Efficacité est définitivement le maître-mot de ce retour aux affaires des Gallois de Mclusky, 21 ans après The Difference Between Me and You Is That I’m Not on Fire. Séparés dans la foulée, reformés en 2014 puis auteurs en format single il y a deux ans d’une paire de titres - dont l’électrisante cavalcade introductive Unpopular Parts of a Pig - que l’on retrouve au générique de ce 4e long format désormais défendu par le label de Mike Patton, Ipecac (Too Pure ayant depuis longtemps mis la clé sous la porte), le braillard Falco et ses sbires ressuscitent leur noise/punk/post-hardcore comme si le temps s’était arrêté, une même énergie indomptée irradiant de cet irrésistible The World Is Still Here and So Are We au titre sans équivoque, à peine un chouïa moins crade et spontané que son prédécesseur de 2004. Pas question de réinventer l’eau chaude évidemment, mais après tout qu’importe, du moment qu’on a l’ivresse de morceaux aussi sauvages et déglingués que le théâtral Cops and Coppers (également réminiscent, quelque part, de la belle époque des regrettés Louis XIV), l’abrasif People Person ou ce Juan Party-System qui semble foncer droit dans le mur la tête la première.

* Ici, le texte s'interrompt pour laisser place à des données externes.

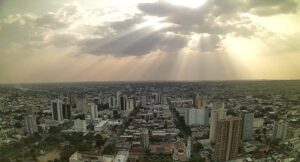 Leia mais sobre o artigo Fim de semana em Mato Grosso do Sul será marcado por temperaturas altas e chuva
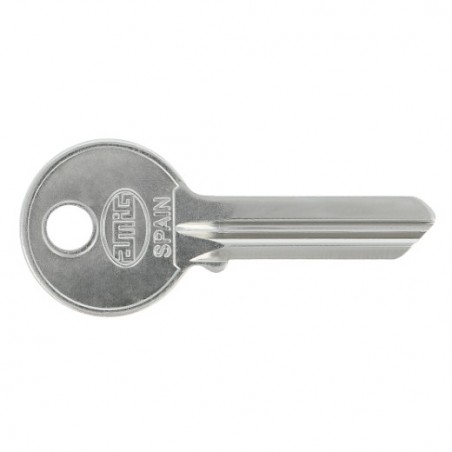 AMIG 23207  
 Llave 6300  
 Latón  
 Niquelado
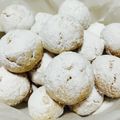 かなちゃそ☻'s cooksnap of when they made 簡単ホロホロ♡アーモンドボール♡.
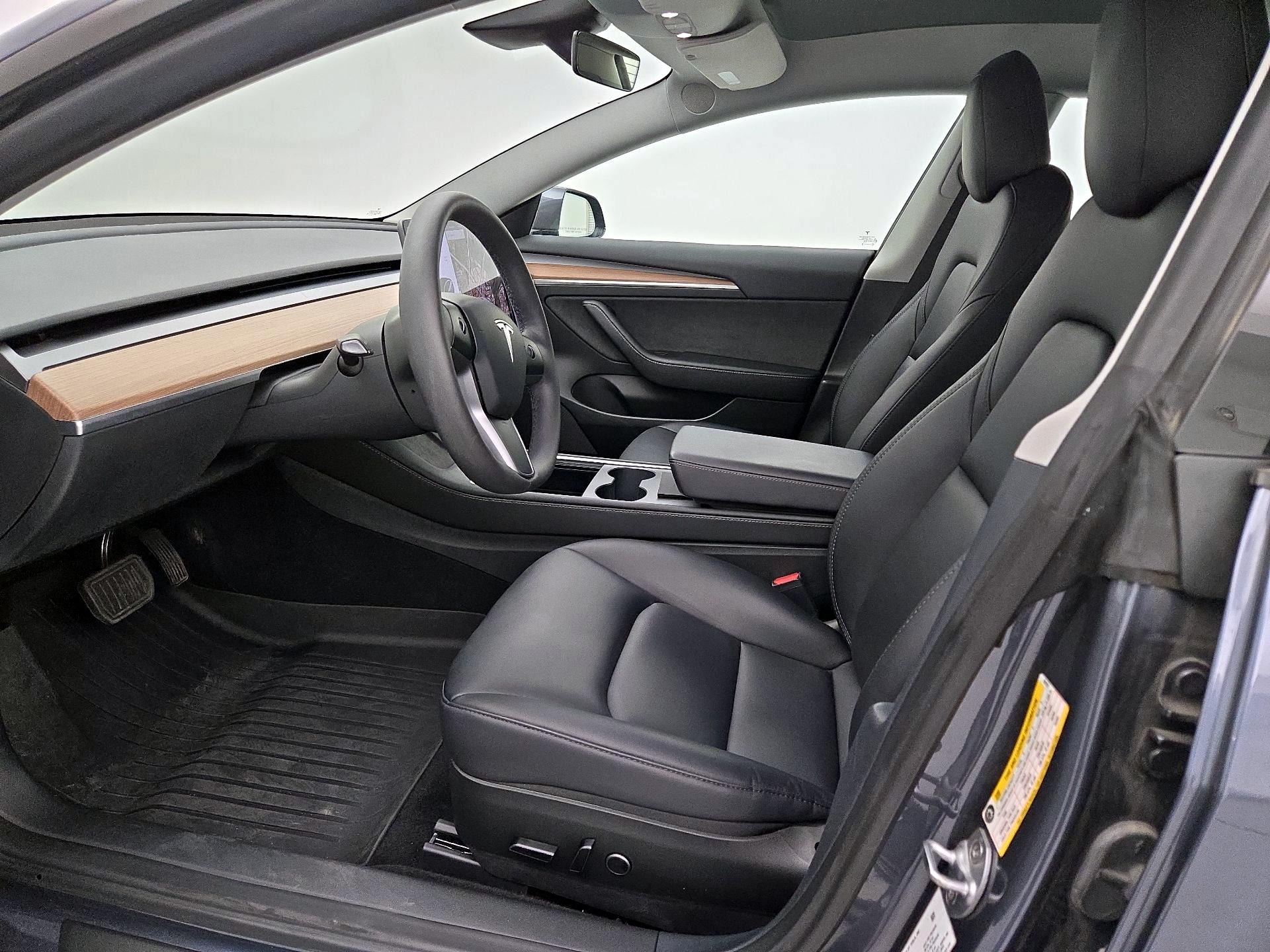Thumbnail: 2023 Tesla Model 3 - 11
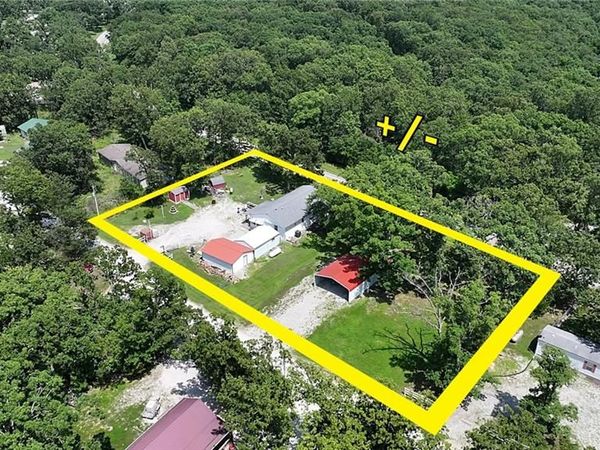 11138 Leisure Drive, Warsaw, MO 65355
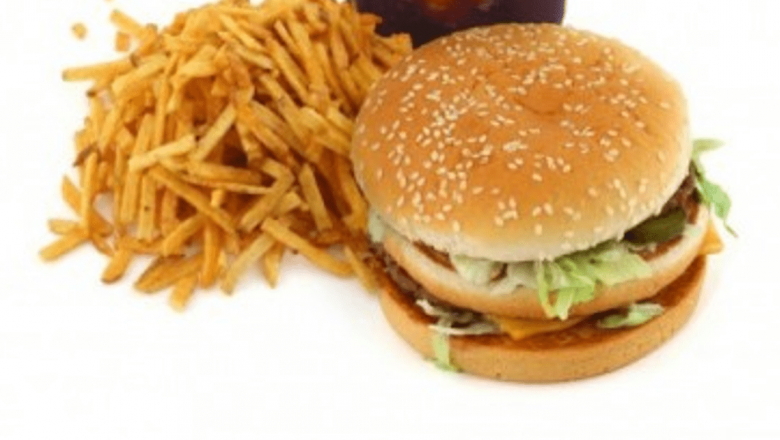 Impactul Consumul de Fast-Food: Cum Patru Săptămâni de Dietă Nesănătoasă Pot Afecta Ani de Viață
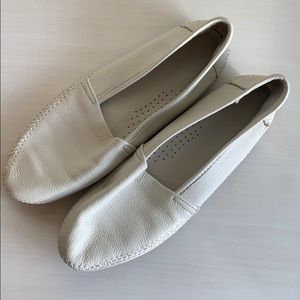 Minnetonka moccasins 9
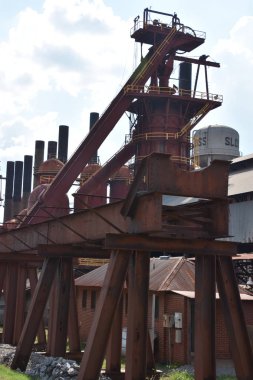 Birmingham, Al - Temmuz 24: Sloss fırınları Birmingham, Alabama, 24 Temmuz 2018 üzerinde görüldüğü gibi. Ulusal bir tarihi dönüm noktası olduğunu.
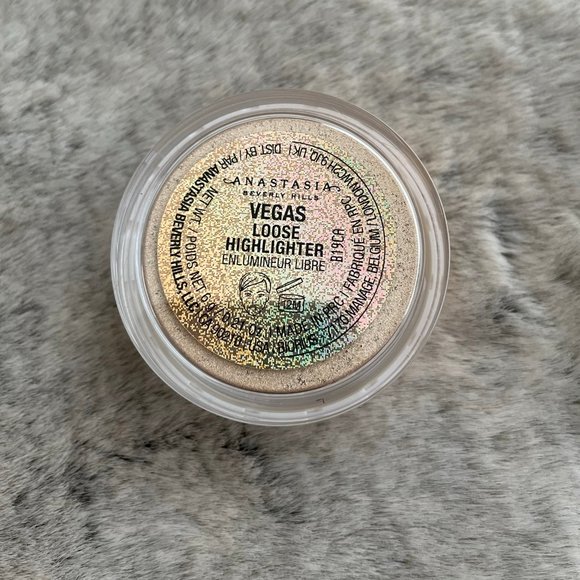 Anastasia Beverly Hills Loose Highlighter in shade Vegas - Picture 3 of 6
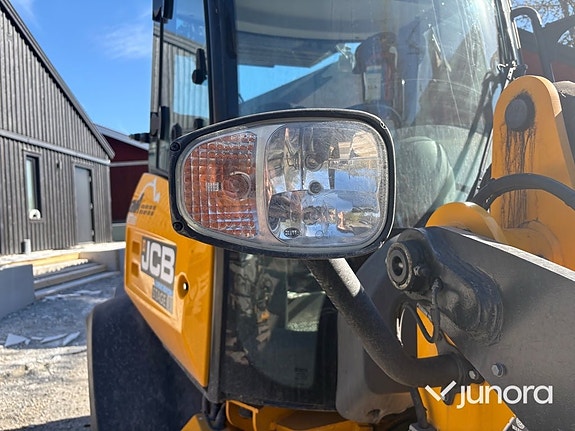 Hjullastare med redskap JCB 409 Nordic Edition Stage V 19 of 30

- mr.teddybear - TEMPLES EP (Autoproduction, 23/05)

Sur ce coup-là on est un peu en retard, l’album du comeback pour l’ancien beatmaker de Psykick Lyrikah étant plutôt le superbe Dramatiques de septembre dernier, après presque 7 années sans nouvelles (cf. cet inédit funeste pour l’un des volets notre compilation IRMxTP en 2017), un disque que l’on découvre donc avec bonheur 8 mois plus tard et dont l’EP TEMPLES prend la continuité trip-hop et texturée, déroulant sur 4 titres un downtempo sombre et évocateur qui ménage saillies saturées (I, III), orchestrations capiteuses (II) et incursions ambient épurées (IV) et dégage un vrai souffle sans avoir l’air d’y toucher. Le disque le plus court de cette sélection mais peut-être bien le plus réussi.



- Stereolab - Instant Holograms On Metal Film (Warp, 23/05)

Au petit jeu des hiatus à rallonge, les Franco-Britanniques toujours emmenés par notre Laetitia Sadier nationale décrochent la timbale puisque leur précédent opus Not Music remontait à 2010, plusieurs compilations de raretés s’étant chargées entretemps de nous faire patienter jusqu’à ce retour très attendu (trop, devrait-on dire, à en juger par l’emballement démesuré des fans) d’un groupe jamais splitté pour autant. Le problème, lorsque l’on a un leader aux sorties solo à ce point remarquables (mentions toutes particulières à l’increvable Silencio, cf. #9 ici, et au petit dernier Rooting for Love justement très Stereolab-esque), c’est que les retours peuvent ressembler à des pétards mouillés, ce qui est en partie le cas de cet Instant Holograms On Metal Film. Alors certes, on a plaisir à retrouver, presque au grand complet (le guitariste Tim Gane et le bassiste Andy Ramsay au moins sont toujours de la partie), les auteurs dEmperor Tomato Ketchup et Dots and Loops, mais force est d’avouer que ce nouvel album manque désespérément de surprises - une constante chez Warp désormais - et finit surtout par sonner comme un listener’s digest de leurs faits d’armes passés, entre kosmische pop et rétrofuturisme psyché aux accents lounge, les "hauts" (le songwriting imparable du single Aerial Troubles, les tiroirs de Melodie Is A Wound et Esemplastic Creeping Eruption, les arrangements de Vermona F Transistor) contrebalançant heureusement les "bas" (des canons un peu niais aux allures de sous-Bacharach de Le Coeur Et La Force aux boîtes à rythmes poussives de If You Remember I Forgot How To Dream Pt.2 en passant par le régressif Electrified Teenybop ! qui semble tomber comme un cheveu sur la soupe).